[PATCH v5 02/21] powerpc/64s: move the last of the page fault handling logic to C
Christophe Leroy
christophe.leroy at csgroup.eu
Thu Jan 14 01:12:14 AEDT 2021
Le 13/01/2021 à 08:31, Nicholas Piggin a écrit :
> The page fault handling still has some complex logic particularly around
> hash table handling, in asm. Implement this in C instead.
>
> Signed-off-by: Nicholas Piggin <npiggin at gmail.com>
> ---
> arch/powerpc/include/asm/book3s/64/mmu-hash.h | 1 +
> arch/powerpc/kernel/exceptions-64s.S | 131 +++---------------
> arch/powerpc/mm/book3s64/hash_utils.c | 77 ++++++----
> arch/powerpc/mm/fault.c | 46 ++++--
> 4 files changed, 107 insertions(+), 148 deletions(-)
>
> diff --git a/arch/powerpc/include/asm/book3s/64/mmu-hash.h b/arch/powerpc/include/asm/book3s/64/mmu-hash.h
> index 066b1d34c7bc..60a669379aa0 100644
> --- a/arch/powerpc/include/asm/book3s/64/mmu-hash.h
> +++ b/arch/powerpc/include/asm/book3s/64/mmu-hash.h
> @@ -454,6 +454,7 @@ static inline unsigned long hpt_hash(unsigned long vpn,
> #define HPTE_NOHPTE_UPDATE 0x2
> #define HPTE_USE_KERNEL_KEY 0x4
>
> +int do_hash_fault(struct pt_regs *regs, unsigned long ea, unsigned long dsisr);
> extern int __hash_page_4K(unsigned long ea, unsigned long access,
> unsigned long vsid, pte_t *ptep, unsigned long trap,
> unsigned long flags, int ssize, int subpage_prot);
> diff --git a/arch/powerpc/kernel/exceptions-64s.S b/arch/powerpc/kernel/exceptions-64s.S
> index 6e53f7638737..bcb5e81d2088 100644
> --- a/arch/powerpc/kernel/exceptions-64s.S
> +++ b/arch/powerpc/kernel/exceptions-64s.S
> @@ -1401,14 +1401,15 @@ END_FTR_SECTION_IFSET(CPU_FTR_HVMODE)
> *
> * Handling:
> * - Hash MMU
> - * Go to do_hash_page first to see if the HPT can be filled from an entry in
> - * the Linux page table. Hash faults can hit in kernel mode in a fairly
> + * Go to do_hash_fault, which attempts to fill the HPT from an entry in the
> + * Linux page table. Hash faults can hit in kernel mode in a fairly
> * arbitrary state (e.g., interrupts disabled, locks held) when accessing
> * "non-bolted" regions, e.g., vmalloc space. However these should always be
> - * backed by Linux page tables.
> + * backed by Linux page table entries.
> *
> - * If none is found, do a Linux page fault. Linux page faults can happen in
> - * kernel mode due to user copy operations of course.

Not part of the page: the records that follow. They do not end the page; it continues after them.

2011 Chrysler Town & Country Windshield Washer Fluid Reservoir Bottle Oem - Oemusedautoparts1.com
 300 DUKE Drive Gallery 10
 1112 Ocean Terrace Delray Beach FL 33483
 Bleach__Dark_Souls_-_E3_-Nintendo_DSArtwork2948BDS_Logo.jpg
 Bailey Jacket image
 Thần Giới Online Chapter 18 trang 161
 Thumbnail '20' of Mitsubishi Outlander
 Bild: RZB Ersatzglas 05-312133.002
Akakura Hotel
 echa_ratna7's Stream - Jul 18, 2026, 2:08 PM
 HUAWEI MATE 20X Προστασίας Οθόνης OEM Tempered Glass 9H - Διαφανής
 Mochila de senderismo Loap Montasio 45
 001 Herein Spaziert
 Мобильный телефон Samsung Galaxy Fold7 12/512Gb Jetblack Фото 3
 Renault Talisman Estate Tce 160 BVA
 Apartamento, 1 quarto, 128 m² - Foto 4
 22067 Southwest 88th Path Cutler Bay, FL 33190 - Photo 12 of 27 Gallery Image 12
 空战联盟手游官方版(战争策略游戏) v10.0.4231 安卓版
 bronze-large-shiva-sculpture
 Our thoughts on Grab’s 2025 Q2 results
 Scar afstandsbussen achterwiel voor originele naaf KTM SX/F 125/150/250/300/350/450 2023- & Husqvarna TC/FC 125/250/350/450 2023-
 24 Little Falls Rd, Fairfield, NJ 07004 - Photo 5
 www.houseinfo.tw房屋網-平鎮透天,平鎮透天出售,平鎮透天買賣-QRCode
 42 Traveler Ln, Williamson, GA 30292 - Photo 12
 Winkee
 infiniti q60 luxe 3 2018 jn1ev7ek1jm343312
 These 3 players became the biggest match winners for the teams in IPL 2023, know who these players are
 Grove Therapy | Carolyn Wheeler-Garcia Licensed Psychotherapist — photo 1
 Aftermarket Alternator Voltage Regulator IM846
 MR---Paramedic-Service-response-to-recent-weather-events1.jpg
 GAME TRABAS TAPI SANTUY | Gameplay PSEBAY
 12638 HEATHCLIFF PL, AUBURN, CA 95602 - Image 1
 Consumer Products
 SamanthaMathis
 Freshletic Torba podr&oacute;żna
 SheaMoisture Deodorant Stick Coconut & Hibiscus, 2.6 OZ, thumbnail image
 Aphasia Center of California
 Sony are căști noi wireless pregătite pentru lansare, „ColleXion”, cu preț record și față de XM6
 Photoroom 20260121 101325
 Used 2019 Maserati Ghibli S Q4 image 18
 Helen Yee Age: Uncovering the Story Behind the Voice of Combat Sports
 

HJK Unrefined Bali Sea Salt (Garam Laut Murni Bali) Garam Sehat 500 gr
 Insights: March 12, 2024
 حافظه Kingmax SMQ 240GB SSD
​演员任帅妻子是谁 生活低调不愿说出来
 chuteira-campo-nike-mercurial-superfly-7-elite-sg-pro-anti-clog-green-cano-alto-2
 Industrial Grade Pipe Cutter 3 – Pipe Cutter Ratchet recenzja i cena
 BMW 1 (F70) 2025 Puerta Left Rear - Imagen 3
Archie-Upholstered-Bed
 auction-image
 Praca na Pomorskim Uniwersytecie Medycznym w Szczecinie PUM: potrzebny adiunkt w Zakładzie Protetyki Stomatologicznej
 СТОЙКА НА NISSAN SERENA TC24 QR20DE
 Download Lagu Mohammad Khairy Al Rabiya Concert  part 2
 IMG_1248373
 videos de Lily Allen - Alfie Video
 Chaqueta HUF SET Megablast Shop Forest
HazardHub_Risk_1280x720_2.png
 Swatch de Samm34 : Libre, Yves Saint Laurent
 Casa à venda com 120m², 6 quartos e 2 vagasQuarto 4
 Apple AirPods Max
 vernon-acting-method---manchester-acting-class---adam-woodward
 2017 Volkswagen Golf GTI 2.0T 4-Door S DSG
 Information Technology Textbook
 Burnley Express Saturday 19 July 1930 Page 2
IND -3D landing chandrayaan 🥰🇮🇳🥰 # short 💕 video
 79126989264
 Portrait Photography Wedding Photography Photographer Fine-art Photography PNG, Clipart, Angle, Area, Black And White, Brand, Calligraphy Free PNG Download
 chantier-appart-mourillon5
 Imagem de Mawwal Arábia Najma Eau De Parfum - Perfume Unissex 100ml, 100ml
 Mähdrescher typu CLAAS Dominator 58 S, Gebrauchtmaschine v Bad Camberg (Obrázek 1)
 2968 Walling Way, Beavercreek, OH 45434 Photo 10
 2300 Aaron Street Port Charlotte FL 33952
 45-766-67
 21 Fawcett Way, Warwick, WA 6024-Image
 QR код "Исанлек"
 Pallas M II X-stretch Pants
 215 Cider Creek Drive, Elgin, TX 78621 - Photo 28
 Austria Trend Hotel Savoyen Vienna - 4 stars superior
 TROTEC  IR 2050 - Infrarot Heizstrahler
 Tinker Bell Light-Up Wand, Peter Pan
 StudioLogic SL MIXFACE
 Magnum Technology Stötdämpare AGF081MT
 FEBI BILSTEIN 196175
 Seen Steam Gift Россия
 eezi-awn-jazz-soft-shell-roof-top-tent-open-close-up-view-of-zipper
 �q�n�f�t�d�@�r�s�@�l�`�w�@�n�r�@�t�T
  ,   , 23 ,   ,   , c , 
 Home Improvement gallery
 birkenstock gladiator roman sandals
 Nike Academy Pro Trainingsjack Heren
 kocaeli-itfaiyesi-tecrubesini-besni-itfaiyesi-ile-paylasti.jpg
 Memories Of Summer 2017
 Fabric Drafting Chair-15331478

> + * If no entry is found the Linux page fault handler is invoked (by
> + * do_hash_fault). Linux page faults can happen in kernel mode due to user
> + * copy operations of course.
> *
> * KVM: The KVM HDSI handler may perform a load with MSR[DR]=1 in guest
> * MMU context, which may cause a DSI in the host, which must go to the
> @@ -1439,13 +1440,17 @@ EXC_COMMON_BEGIN(data_access_common)
> GEN_COMMON data_access
> ld r4,_DAR(r1)
> ld r5,_DSISR(r1)
We have DSISR here. I think the dispatch between page fault or do_break() should be done here:
- It would be more similar to other arches
- Would avoid doing it also in instruction fault
- Would avoid that -1 return which looks more like a hack.
> + addi r3,r1,STACK_FRAME_OVERHEAD
> BEGIN_MMU_FTR_SECTION
> - ld r6,_MSR(r1)
> - li r3,0x300
> - b do_hash_page /* Try to handle as hpte fault */
> + bl do_hash_fault
> MMU_FTR_SECTION_ELSE
> - b handle_page_fault
> + bl do_page_fault
> ALT_MMU_FTR_SECTION_END_IFCLR(MMU_FTR_TYPE_RADIX)
> + cmpdi r3,0
IIUC, this is for do_break(). Would be better done in a separate path.
> + beq+ interrupt_return
> + /* We need to restore NVGPRS */
> + REST_NVGPRS(r1)
> + b interrupt_return
>
> GEN_KVM data_access
>
> @@ -1540,13 +1545,17 @@ EXC_COMMON_BEGIN(instruction_access_common)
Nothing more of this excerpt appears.